Plus DOSmerge. Don't misunderstand, I have vp/ix and use it, but only to
test software, not to try and duplicate my UNIX tools in DOS.

| >tested, generating code which crashed the assembler a suite which runs
| >on BSD, Ultrix, Xenix, SunOS, SVR3 on 3B2/200, etc.
| 
| I don't want to be offensive, but are you sure you know what you are
| doing?  Most code that is that portable will compile first time.  At
| least it does for me.  Did you do the obvious things, like fix up the
| makefile, and any configure/tuning headers, etc.?

  Actually the first program which crashed it is about ten lines (plus
comments) and doesn't have a make file, header file, etc. The second
failure caused the compiler to core dump, and another to make the
assembler reject the output of the compiler "error: there is no register
25" as I recall, definitely trying to find a register not in the 80386.
There were others, mainly causing core dumps. I can accept a compiler
which claims to find errors where no compiler has before, but I don't
think generating bad code or core dumps is a useful behavior.
-- 
	bill davidsen		(wedu@ge-crd.arpa)
  {uunet | philabs | seismo}!steinmetz!crdos1!davidsen
"Stupidity, like virtue, is its own reward" -me

wrp@biochsn.acc.virginia.edu (William R. Pearson) (08/03/88)

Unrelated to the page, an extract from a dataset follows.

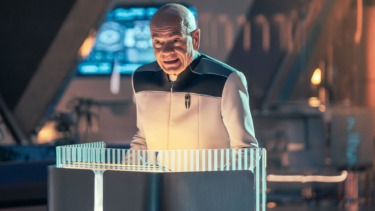 Robert Picardo Reveals Pitch For Star Trek: Voyager EMH Sequel In Canceled Star Trek: Starfleet Academy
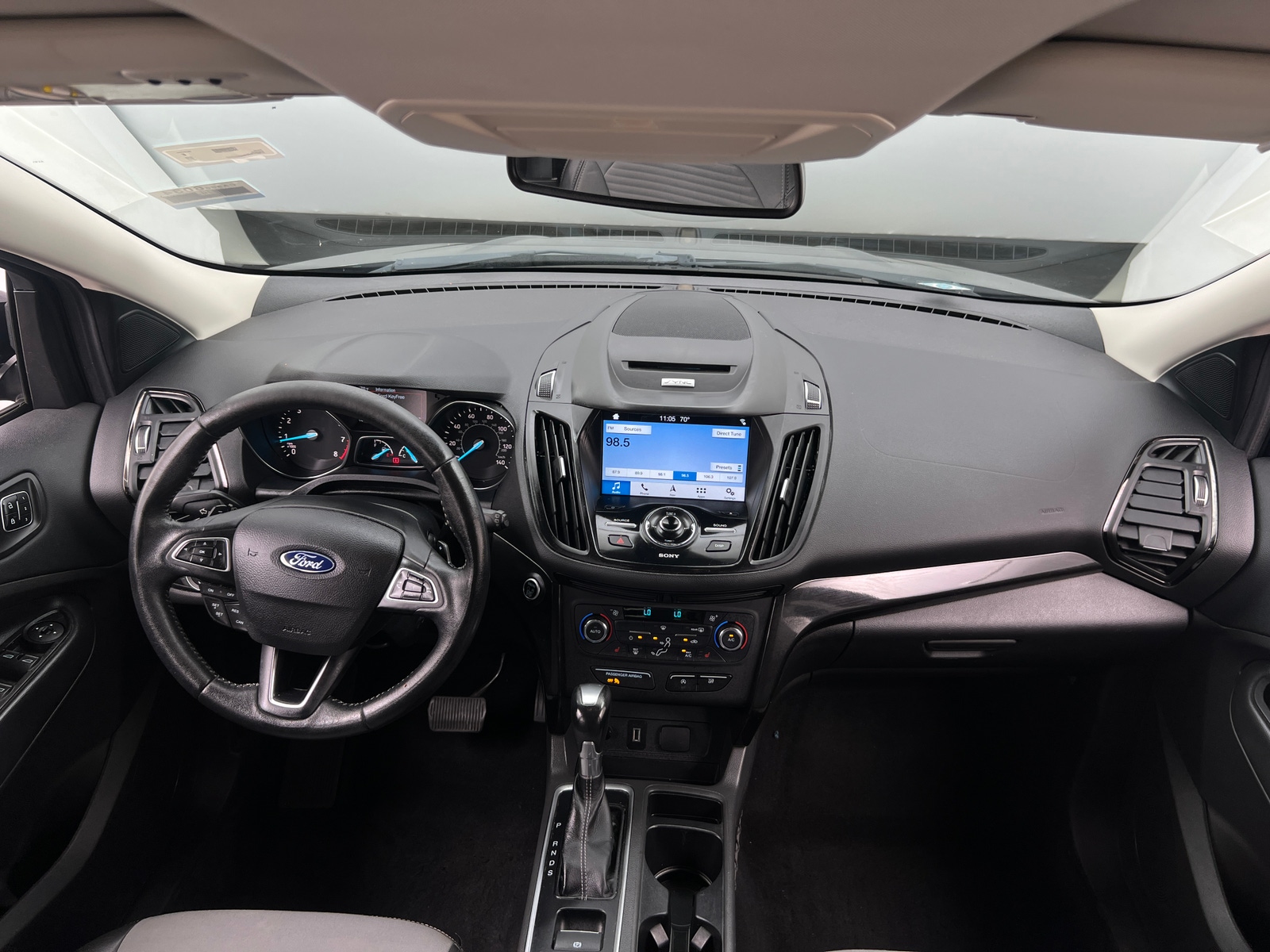 Thumbnail: 2017 Ford Escape - 3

	I would like to add that I have Xenix running on my AT
for about 3 years (starting with IBM'x Xenix 1.0, and moving to SCO
1.? and 2.?).  I run the machine 24 hours a day, 7 days a week. I have
never had a crash due to software.  I had a disk drive go, and we
have a lot of power failures.  Except when the power failures are so
short that the AT's power supply does not reset, the machine just comes
back up and goes merrily along.  My Xenix machine has been just as, or
more reliable than the ATT 3B2,5,15 machines I use, or the Sun's, or
the VAX'es.

	I do not think that reliability is an issue with Xenix.  What
I would like is NFS capability.

Bill Pearson

john@jetson.UUCP (John Owens) (08/04/88)

In article <1988Jul30.141708.3175@gpu.utcs.toronto.edu>, woods@gpu.utcs.toronto.edu (Greg Woods) writes:

I was tempted to attempt a point-by-point reply to the flames about
Xenix, but I'll restrict myself to one or two comments.  Many of your
complaints are quite true, however, and I certainly wish that they'd
convert all the block reporting utilities to report file system size
blocks....

First, you are consistently comparing various *386* System V ports
with *286* Xenix.  Comparing with 386 Xenix would be a much better
comparison; Xenix and other Unixes on 286 boxes are quite handicapped
by the segmented architecture.

> The Xenix serial driver cannot share interrupt vectors with more than
> one port.
True.
> It will lose data at 1200 baud.
Not for me.  I've run UUCP connections at 9600 baud on direct serial
lines on Xenix 286.

> 386/ix has trouble with function pointers.  Otherwise I've found it
> better by far than the Xenix 286 compiler.
I hope so - almost any 386 compiler is going to be better than any 286
compiler, since you don't have to worry about segmentation.  I've had
only one minor problem with Microsoft's 386 compiler (an infinite
spill, easily worked around), and am happy with the code it produces.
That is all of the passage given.